Ik wil het vanavond hebben over de angst die in de wereld om zich heen grijpt en de moeilijkheden waar we in ons leven mee te maken hebben. Sinds 11 september 2001 zijn we banger gemaakt en meer gealarmeerd door internationale gebeurtenissen en het grootschalige gebruik van het woord terreur. Ik weet dat velen onder u zich hebben afgevraagd wat dit alles betekent met betrekking tot het einde van de wereld en uw leven in die wereld. Velen hebben gevraagd: ‘Is dit de tijd van de wederkomst van de Heiland en alles wat over die gebeurtenis is geprofeteerd?’

Niet lang na de aanslagen op 11 september vroeg een zendeling mij in alle oprechtheid en vol geloof: ‘Ouderling Holland, zijn dit de laatste dagen?’ Ik zag de ernstige uitdrukking op zijn gezicht en de angst in zijn ogen. Ik zei: ‘Ja, we zijn in de laatste dagen, maar daar is eigenlijk niets nieuws aan. De beloofde wederkomst van de Heiland is in 1820 met het eerste visioen van de profeet Joseph Smith begonnen. En we bevinden ons beslist in de laatste dagen — maar die beslaan vele jaren.’ Ik schudde hem vriendelijk de hand en liet hem gaan. Hij glimlachte, leek opgelucht dat hij dit nu enigszins in context kon plaatsen en hield zijn hoofd wat hoger toen hij wegliep.

Ik zeg daar ogenblikkelijk bij dat ik wel degelijk weet wat deze jonge man mij eigenlijk vroeg. Wat hij eigenlijk bedoelde was: ‘Kan ik mijn zending nog voltooien? Heeft het nog wel zin om een opleiding te volgen? Kan ik nog wel trouwen? Heb ik een toekomst? Ligt er geluk voor mij in het verschiet?’ En ik zeg tot u wat ik tot hem zei: ‘Jazeker — op al die vragen.’

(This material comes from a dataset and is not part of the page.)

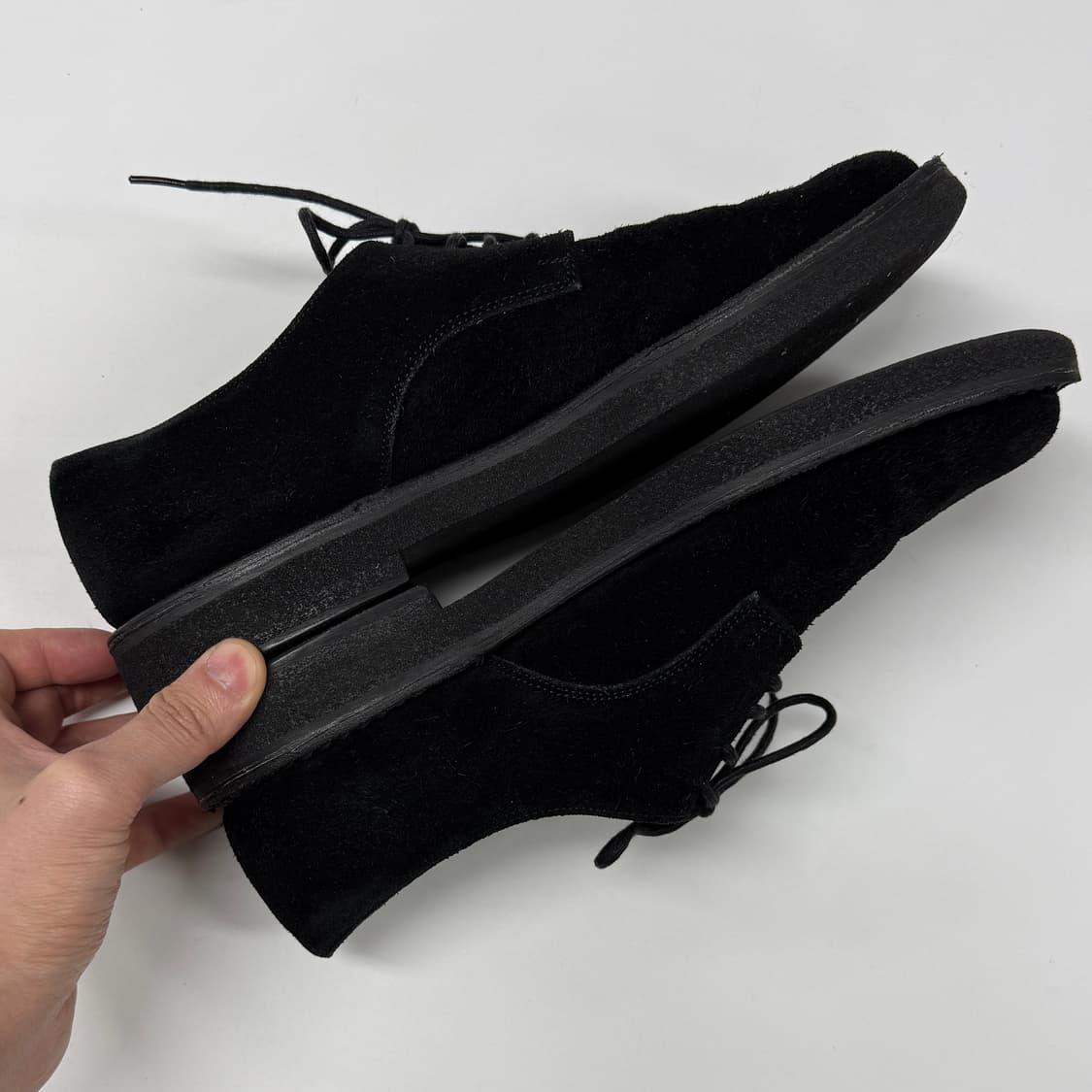 90s Margaret Howell square toe derby 상품이미지6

Wat de precieze tijd van de triomferende, openbare wederkomst en de daarmee verbonden wereldschokkende gebeurtenissen betreft, weet ik niet wanneer dat zal gebeuren. Niemand weet dat. De Heiland heeft gezegd dat zelfs de engelen in de hemel dat niet weten (zie Matteüs 24:36).

We moeten op de tekens letten maar intussen zo goed leven als we maar kunnen en iedereen over het evangelie vertellen zodat zoveel mogelijk mensen de zegeningen en bescherming daarvan kunnen genieten. Maar we moeten ons niet laten verlammen door de gedachte dat deze en bijbehorende gebeurtenissen ergens in het verschiet liggen. We kunnen niet stoppen met leven. In feite moeten we ons leven meer ten volle leven dan ooit tevoren. Dit is per slot van rekening de bedeling van de volheid der tijden.

Vrees niet, geloof alleen

Ik heb maar twee dingen te zeggen tegen diegenen die zich zorgen maken over de toekomst. Ik zeg ze in liefde en rechtstreeks uit mijn hart.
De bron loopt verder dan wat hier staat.